The witnesses were selected, Issa said, because all three had circumvented provisions of the Federal Records Act.

Federal records law does not ban federal employees from using personal email on official business, but requires that anything qualifying as a federal record be included in agency archives. In advance of the hearing, the National Archives and Records Administration (NARA) issued a bulletin advising agency heads on best practices for preserving agency email and specifically on handing alias accounts and private email addresses.

"While agency employees should not generally use personal email accounts to conduct official agency business, there may be times when agencies authorize the use of personal email accounts, such as in emergency situations when Federal accounts are not accessible or when an employee is initially contacted through a personal account," the guidance says. The practice of using an official alias is considered advisable under certain circumstances, to divide public and internal correspondence, or to separate classified and unclassified information.

NARA is concerned that alias accounts be identified with the real name of the individual using it, to ensure that emails can be retrieved by agency officials, oversight bodies, inspectors general and individuals making requests under the Freedom of Information Act.

Republican EPA administrators under President George W. Bush used email aliases. (Christine Todd Whitman used the handle ToWhit for her high-level correspondence.) Rep. Gerry Connolly (D-Va.) said that criticizing Jackson for a common practice indicates that the hearing was more about "political theater" than reforming federal records law.

But Issa did not object simply to the use of an alias, as Connolly asserted, noting that he himself doesn't use the typical first-name-dot-last-name email address that is standard issue in the House of Representatives. He objected to what he characterized as a deliberate attempt to conceal communications.

"Very clearly, emails have been lost," Issa said, although all three witnesses denied any intentional wrongdoing.

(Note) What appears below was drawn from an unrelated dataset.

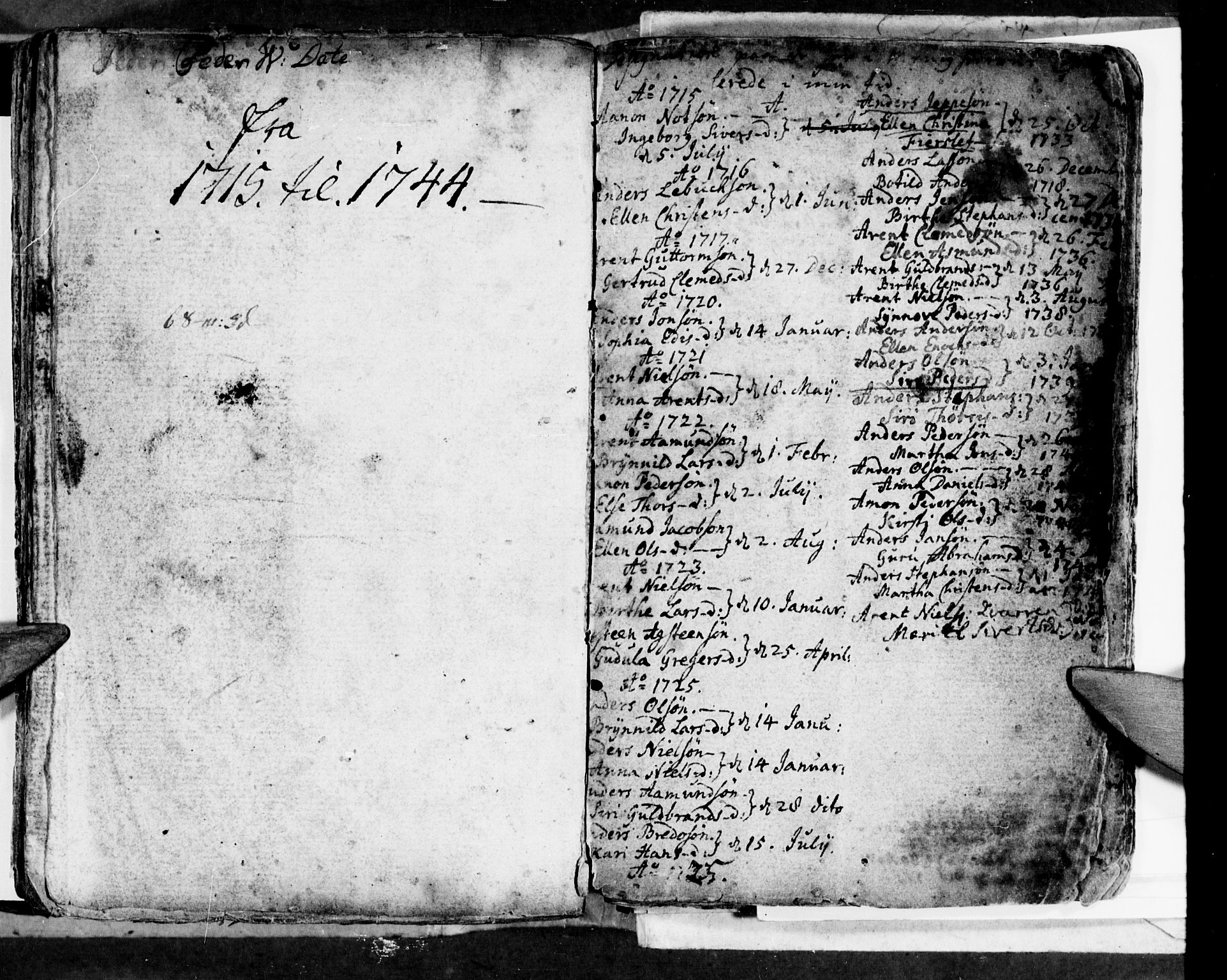 Ministerialprotokoller, klokkerbøker og fødselsregistre - Nordland, AV/SAT-A-1459/853/L0765: Parish register (official) no. 853A04, 1715-1745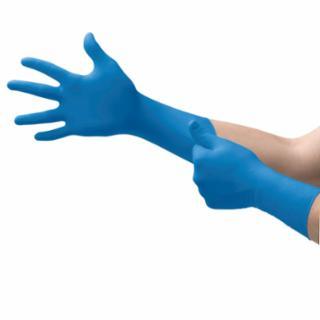 SG-375 SafeGrip® SG-375 Examination Gloves, Natural Rubber Latex, Blue 10/CASE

Legislation is in the works to tighten rules on the use of personal email. Rep. Elijah Cummings (D-Md.), ranking member on the Oversight Committee, sponsored the Electronic Message Preservation Act, which would require officials covered by the Federal Records Act to file official correspondence sent via private email with their agency within five days of sending. The bill has been approved by the committee and is awaiting floor action.